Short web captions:
►

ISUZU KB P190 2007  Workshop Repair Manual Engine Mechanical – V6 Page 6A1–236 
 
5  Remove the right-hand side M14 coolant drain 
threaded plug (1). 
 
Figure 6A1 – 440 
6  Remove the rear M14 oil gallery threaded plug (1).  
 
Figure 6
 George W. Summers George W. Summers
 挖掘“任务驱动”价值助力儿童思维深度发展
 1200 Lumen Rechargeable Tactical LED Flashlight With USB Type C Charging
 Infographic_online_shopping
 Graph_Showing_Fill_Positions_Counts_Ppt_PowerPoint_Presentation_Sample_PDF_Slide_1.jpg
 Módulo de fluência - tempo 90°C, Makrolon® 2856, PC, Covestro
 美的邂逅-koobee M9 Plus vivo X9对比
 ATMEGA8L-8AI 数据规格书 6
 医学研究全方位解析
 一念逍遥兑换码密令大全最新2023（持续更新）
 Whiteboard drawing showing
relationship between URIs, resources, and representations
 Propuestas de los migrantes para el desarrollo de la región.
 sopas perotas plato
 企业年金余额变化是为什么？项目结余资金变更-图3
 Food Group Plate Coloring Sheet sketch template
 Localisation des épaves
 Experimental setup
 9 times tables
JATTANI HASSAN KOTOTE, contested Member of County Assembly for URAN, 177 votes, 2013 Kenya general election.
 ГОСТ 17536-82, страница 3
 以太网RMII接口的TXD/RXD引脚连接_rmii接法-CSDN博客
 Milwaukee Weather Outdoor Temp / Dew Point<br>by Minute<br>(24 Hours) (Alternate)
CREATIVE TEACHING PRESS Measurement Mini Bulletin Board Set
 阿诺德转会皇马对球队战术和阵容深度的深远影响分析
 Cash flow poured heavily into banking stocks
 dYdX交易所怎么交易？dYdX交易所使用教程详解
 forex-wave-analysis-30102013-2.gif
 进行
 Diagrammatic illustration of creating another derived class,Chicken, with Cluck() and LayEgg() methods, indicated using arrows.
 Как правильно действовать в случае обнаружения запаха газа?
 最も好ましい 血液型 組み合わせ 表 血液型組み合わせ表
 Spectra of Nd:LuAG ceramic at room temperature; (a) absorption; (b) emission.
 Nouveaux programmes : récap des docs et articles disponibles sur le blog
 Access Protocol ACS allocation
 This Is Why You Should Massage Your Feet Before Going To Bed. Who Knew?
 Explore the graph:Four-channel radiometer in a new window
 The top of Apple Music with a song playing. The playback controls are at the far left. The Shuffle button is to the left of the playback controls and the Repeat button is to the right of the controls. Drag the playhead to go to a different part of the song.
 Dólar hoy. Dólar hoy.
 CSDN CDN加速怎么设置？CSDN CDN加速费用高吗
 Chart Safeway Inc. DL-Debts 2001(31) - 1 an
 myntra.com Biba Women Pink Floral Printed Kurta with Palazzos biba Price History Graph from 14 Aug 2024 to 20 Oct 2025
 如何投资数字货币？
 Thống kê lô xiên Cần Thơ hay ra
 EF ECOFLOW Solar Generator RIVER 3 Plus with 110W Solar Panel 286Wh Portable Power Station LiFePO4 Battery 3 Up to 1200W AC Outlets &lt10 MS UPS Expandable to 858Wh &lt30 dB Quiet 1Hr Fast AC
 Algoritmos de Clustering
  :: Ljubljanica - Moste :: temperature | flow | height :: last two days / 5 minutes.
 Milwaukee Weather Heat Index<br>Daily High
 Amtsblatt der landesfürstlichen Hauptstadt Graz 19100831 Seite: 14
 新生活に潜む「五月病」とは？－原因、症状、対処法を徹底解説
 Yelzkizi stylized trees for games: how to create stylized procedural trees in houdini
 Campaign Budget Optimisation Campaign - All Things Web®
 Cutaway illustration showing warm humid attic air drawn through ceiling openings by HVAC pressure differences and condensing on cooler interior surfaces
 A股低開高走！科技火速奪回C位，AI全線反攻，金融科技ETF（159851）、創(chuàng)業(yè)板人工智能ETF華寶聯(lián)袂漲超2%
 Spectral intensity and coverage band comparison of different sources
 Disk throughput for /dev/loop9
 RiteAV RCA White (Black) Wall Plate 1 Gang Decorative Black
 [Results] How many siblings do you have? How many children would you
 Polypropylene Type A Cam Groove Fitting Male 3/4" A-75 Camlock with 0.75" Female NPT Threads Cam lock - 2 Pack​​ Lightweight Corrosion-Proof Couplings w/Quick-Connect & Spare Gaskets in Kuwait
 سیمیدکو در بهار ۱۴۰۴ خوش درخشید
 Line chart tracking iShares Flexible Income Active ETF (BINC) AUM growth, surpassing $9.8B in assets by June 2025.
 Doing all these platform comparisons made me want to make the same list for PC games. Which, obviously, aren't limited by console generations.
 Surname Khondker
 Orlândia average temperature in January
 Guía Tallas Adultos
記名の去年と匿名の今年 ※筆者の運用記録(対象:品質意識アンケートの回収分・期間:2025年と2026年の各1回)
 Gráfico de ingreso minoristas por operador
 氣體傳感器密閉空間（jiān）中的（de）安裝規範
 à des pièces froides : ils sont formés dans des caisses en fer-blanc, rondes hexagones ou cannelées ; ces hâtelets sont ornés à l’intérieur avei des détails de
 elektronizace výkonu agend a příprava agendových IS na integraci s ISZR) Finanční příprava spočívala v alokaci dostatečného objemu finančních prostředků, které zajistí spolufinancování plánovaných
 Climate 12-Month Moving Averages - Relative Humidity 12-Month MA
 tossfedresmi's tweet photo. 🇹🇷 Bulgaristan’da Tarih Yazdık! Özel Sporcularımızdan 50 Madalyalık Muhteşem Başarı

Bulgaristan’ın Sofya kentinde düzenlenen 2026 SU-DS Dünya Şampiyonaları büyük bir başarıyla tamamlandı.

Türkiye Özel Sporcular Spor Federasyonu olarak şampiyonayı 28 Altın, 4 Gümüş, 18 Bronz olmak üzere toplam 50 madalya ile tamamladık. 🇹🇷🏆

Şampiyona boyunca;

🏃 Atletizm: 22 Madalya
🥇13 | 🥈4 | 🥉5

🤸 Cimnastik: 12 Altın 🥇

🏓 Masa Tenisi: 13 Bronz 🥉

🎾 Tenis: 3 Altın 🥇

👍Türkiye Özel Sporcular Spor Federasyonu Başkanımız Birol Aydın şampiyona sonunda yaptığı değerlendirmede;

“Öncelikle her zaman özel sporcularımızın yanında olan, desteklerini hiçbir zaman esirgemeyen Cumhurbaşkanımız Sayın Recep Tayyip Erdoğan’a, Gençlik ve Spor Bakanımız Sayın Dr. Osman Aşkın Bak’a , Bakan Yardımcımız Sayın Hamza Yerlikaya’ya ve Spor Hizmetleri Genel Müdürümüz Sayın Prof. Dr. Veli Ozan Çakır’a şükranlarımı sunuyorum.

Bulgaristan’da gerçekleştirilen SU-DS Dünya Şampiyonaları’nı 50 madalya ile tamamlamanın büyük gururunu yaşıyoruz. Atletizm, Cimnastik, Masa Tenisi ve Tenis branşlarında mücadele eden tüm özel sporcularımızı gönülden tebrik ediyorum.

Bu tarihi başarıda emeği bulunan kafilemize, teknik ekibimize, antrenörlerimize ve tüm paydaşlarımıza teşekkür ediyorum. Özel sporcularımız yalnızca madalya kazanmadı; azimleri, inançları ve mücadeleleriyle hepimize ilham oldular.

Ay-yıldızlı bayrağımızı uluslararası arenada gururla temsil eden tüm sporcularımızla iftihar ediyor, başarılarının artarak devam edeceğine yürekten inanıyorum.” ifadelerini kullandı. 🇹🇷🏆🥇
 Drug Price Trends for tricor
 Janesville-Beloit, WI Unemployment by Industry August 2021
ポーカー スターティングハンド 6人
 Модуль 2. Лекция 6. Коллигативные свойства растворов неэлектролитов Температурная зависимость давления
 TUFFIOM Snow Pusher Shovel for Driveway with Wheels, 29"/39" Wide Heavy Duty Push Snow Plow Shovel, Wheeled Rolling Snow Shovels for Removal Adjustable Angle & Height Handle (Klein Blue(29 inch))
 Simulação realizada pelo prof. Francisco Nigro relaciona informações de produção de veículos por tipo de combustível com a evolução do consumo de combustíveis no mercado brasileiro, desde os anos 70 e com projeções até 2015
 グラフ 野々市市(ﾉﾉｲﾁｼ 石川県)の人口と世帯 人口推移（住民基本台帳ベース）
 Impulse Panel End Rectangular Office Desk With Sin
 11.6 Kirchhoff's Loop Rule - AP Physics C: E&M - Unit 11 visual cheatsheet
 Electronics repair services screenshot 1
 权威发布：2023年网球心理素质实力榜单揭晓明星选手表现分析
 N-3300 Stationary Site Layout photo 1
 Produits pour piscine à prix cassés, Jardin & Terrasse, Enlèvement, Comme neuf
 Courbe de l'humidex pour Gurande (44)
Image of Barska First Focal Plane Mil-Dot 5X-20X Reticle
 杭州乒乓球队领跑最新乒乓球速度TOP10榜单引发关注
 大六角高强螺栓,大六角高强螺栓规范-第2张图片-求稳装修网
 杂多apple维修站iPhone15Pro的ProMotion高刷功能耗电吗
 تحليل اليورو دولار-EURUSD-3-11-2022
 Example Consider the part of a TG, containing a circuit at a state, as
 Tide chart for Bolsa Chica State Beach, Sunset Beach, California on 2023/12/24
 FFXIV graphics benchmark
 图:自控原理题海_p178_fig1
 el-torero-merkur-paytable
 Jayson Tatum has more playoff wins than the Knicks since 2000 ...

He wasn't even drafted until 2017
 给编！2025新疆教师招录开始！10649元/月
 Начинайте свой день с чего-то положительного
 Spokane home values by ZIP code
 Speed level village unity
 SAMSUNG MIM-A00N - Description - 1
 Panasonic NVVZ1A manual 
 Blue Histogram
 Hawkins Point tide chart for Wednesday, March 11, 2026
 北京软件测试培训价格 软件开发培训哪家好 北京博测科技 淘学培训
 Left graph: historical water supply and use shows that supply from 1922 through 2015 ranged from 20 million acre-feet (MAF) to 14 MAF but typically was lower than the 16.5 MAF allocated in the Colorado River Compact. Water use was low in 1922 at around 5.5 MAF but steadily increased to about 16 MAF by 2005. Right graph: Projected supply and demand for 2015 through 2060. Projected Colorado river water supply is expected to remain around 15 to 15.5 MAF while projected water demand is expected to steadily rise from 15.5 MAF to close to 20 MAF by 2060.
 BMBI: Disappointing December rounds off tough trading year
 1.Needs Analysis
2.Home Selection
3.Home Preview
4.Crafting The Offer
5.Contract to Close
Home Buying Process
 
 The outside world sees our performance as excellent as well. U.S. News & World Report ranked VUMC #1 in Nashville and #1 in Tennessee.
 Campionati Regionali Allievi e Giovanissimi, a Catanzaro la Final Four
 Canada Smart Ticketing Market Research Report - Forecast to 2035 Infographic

◄

Problem details:
Wherever the string "photo" appears in a line of the records, copy that line.

Result of the task:
 tossfedresmi's tweet photo. 🇹🇷 Bulgaristan’da Tarih Yazdık! Özel Sporcularımızdan 50 Madalyalık Muhteşem Başarı
 N-3300 Stationary Site Layout photo 1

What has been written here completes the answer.